We will not hesitate to withdraw our support of these company boards at their AGMs if they do not resolve this critical situation
Anna Pot, head of responsible investment Americas at APG Asset Management, explains that APG uses the CHRB data in its investment analysis and when APG talks to companies about their human rights performance, “it helps us to be explicit about our expectations”. She highlights that “the large support for this statement shows that more and more investors want companies to take their responsibilities seriously when it comes to impacting communities, individuals and the environment.”
The letter demonstrates that weak human rights performance is increasingly a factor for investors deciding how and where to invest. With demands for disclosure on five areas by June 2020 – in time to be included in the next CHRB assessment – investors have been clear that this is an issue to be tackled now.
Institutional investors need information on the human rights risks of investee companies in order to meet their own responsibility to respect human rights under the UN Guiding Principles on Business and Human Rights. This means investors should be able to demonstrate that their investments don’t pose undue risks to people. This requires that portfolio companies know and show that they respect human rights by carrying out robust human rights due diligence.
Steve Waygood, the chief responsible investment officer at Aviva Investors and chair of the CHRB board, describes the current situation as “highly alarming” and calls for “prompt and concrete action from the laggards”. He adds: “We will not hesitate to withdraw our support of these company boards at their AGMs if they do not resolve this critical situation as a matter of priority.”

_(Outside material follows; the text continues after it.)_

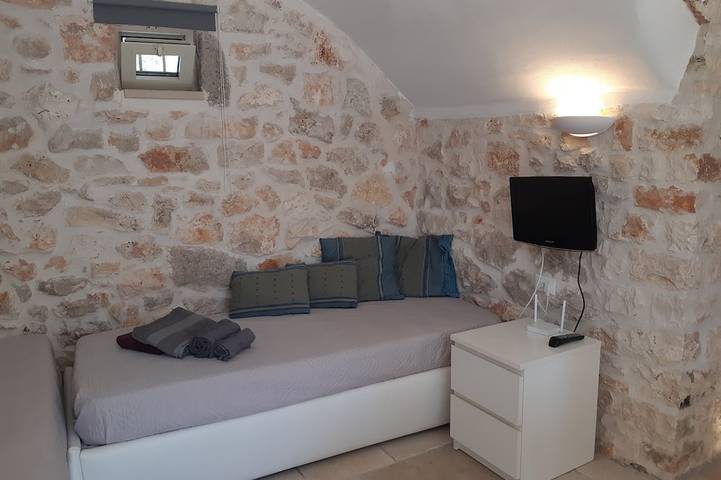 Antico Trullo Ulmo con piscina privata in Ceglie Messapica, Salento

We are delighted that this diverse group of international investors has taken action in support of human rights and that this is coming out at a time that the private sector has a key role to play to ensure the safety and well-being of the most vulnerable in their own operations and supply chains.
It is worth noting that this investor effort was spearheaded before the scale and worldwide impact of the coronavirus pandemic became clear, and we recognise that many companies are facing unprecedented difficulties which must not be ignored. At the same time, we believe that robust human rights due diligence is critical, more than ever.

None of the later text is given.